It's hard or even impossible to relax on vacation when you constantly have to answer emails. (Is that a vacation, really?) That's why most people set an "out of office" email response, promising that you'll get back them when you return.
However, it's also hard to relax when you know that the first thing confronting you when you get back are several hundred or even several thousand emails. It usually takes at least a day to wade through the mess, so forget about hitting the ground running.
I ran across a different sort of "out of office" email that does more than just delay the inevitable. Instead, this email allows you to take control of your email rather than remain at the mercy of anyone who can click a Send button.
Here's the email, which was recently published in The Atlantic:
I am out of the office and expect to have only infrequent email access. Thank you for your message. Email received between [these dates] will be deleted from this server eight hours from now. Please send your message again after [this date].
In other words, "If this is important, ping me later. Otherwise, I might (but probably won't) read your email."
Wow, that's powerful stuff.
Now, I know what you're thinking--email is too important to blow off like that.
Actually, though, it's not. According to research conducted at Duke University, two thirds of the email you receive is totally useless: spam and noise. And of the third that's relevant, only 10 percent need to be answered within five minutes of your receiving them.
Since the average businessperson spends about 2.5 hours a day on email, that means that everyone is wasting (more or less) two hours a day sorting through crap to get at what's actually important.
The misguided souls who strive for a "zero inbox" are wasting even more time, since reading and deleting emails is the electronic equivalent of poop scooping. I don't know about you, but I've got better things to do.

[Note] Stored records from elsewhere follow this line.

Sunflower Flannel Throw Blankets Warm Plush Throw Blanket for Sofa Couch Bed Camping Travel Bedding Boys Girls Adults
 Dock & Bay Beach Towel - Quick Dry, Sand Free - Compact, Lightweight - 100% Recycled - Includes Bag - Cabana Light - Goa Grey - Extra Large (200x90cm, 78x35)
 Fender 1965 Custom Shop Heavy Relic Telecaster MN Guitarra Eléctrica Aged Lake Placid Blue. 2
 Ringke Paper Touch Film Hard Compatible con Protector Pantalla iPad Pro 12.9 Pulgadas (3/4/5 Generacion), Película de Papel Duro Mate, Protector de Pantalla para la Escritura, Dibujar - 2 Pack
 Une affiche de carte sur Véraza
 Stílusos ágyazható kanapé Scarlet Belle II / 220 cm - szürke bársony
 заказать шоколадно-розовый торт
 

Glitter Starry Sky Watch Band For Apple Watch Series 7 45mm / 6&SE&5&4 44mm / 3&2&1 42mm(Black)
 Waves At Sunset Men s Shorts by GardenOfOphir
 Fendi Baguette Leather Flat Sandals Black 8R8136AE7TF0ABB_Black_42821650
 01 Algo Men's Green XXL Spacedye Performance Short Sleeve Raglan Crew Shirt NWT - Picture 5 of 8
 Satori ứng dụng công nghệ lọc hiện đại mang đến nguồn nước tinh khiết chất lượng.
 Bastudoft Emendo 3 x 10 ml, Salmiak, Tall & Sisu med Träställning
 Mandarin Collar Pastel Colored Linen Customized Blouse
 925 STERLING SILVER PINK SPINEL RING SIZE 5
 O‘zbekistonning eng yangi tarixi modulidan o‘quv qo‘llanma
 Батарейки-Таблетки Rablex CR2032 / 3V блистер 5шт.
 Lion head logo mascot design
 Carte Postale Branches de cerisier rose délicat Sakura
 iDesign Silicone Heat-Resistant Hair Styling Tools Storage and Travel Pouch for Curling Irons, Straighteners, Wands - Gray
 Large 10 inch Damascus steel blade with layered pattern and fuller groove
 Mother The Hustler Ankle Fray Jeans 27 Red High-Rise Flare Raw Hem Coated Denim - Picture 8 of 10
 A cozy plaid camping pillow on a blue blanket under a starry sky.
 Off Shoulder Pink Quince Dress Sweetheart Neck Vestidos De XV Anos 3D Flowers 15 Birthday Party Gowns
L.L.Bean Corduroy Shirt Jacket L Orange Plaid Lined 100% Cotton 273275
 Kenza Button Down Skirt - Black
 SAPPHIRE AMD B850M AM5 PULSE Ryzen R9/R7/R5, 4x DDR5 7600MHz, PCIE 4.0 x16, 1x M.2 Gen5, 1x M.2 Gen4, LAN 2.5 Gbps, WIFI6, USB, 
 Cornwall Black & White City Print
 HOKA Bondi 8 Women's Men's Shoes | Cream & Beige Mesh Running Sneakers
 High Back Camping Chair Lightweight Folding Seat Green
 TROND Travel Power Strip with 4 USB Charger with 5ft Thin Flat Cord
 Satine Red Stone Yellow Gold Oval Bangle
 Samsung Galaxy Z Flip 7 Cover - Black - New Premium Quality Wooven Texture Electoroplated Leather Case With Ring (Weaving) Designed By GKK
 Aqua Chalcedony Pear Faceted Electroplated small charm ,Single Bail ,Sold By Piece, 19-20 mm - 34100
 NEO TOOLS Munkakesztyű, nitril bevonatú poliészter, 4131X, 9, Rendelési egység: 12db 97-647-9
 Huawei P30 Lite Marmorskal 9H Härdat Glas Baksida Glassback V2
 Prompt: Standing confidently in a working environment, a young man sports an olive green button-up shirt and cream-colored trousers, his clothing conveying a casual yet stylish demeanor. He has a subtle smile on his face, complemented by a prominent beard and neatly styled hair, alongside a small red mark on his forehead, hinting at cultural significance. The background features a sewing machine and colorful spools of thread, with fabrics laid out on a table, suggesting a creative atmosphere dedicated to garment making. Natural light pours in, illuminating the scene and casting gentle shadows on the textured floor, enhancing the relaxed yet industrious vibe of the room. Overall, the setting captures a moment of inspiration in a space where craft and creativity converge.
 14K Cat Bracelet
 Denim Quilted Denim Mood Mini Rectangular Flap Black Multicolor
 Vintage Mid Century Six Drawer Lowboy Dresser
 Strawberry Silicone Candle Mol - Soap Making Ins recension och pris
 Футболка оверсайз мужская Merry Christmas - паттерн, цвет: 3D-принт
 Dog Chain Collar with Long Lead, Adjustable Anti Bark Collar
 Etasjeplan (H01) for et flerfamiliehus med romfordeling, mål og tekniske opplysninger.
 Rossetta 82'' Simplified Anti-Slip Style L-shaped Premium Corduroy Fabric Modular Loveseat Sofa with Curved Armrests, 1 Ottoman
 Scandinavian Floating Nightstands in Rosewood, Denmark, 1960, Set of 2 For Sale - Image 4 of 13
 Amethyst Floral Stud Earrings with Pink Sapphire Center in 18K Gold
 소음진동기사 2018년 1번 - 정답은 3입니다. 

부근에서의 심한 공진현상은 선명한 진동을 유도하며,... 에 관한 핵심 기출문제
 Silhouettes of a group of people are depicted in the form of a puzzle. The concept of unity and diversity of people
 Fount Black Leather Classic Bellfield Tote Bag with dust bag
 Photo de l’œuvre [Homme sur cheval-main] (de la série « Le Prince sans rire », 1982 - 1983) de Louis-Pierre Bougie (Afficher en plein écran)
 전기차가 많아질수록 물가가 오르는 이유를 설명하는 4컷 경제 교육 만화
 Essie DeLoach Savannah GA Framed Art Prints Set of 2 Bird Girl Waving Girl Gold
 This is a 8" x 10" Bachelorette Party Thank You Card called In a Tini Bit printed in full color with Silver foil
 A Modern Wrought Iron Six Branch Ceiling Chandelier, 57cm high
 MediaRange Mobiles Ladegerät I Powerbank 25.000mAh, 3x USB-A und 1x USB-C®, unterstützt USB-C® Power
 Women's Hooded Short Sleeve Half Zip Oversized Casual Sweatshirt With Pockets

Now, let's suppose that your vacation is two weeks long. A "ping me later" response to emails means that you're saving 2.5 hours a day for 14 days, which comes out to 35 hours--almost an entire workweek.
In other words, you not only get two weeks of hassle-free and worry-free vacation but you also earn yourself an extra week that you can spend doing something more interesting than electronic paperwork.
This is such a great idea that I'm wondering whether it might not make sense to do the same thing on the weekends. Since there are 104 weekend days in a year, that's 262 hours saved--that's about six and half weeks that you're saving every year!
Maybe at this point you're thinking that this "out of office" message won't work for you because you're asking people who are important to your success (boss, customers, etc.) to take extra time to resend the email. And what if they must reach you?
Well, guess what? The important people in your life can text you if they need you to read an email before it's deleted. Just make sure you have a private cell phone number that you don't share to the general business public.
Of course, all of this runs contrary to the conventional wisdom that you should make yourself available to everybody all the time. But that was stupid idea when the telephone was invented (which is when this nonsense started) and it's still stupid today.
Here's the thing: If you don't take control of your time, you're letting everyone else set your agenda. Just so you know, I've never known a successful entrepreneur who doesn't ignore 90 percent of all the stuff that gets thrown his or her way.
This just makes it official--and tells everyone that your down time is more important than their endless demands for your attention. And--be honest now--isn't that how it ought to be for everyone?